TASK ▸ In the records below, find the line with "Switch SOLTECH 24-port SFC5000AT" and repeat exactly every line from it through the line with "21149 79a Avenue, Langley, BC". Pictures stay out.

SUPPLIED INFORMATION ▸

[Start of section]

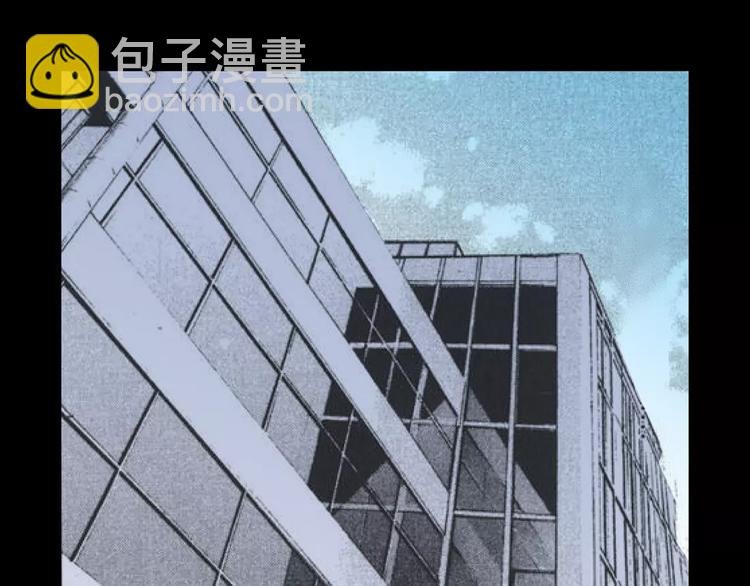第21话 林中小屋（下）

[End of section]
[Start of section]

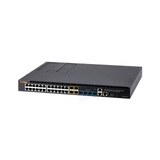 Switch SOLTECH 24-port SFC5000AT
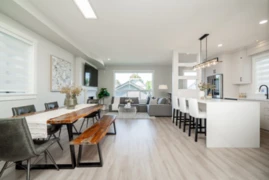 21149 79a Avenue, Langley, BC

[End of section]

WRITTEN RESPONSE ▸
 Switch SOLTECH 24-port SFC5000AT
 21149 79a Avenue, Langley, BC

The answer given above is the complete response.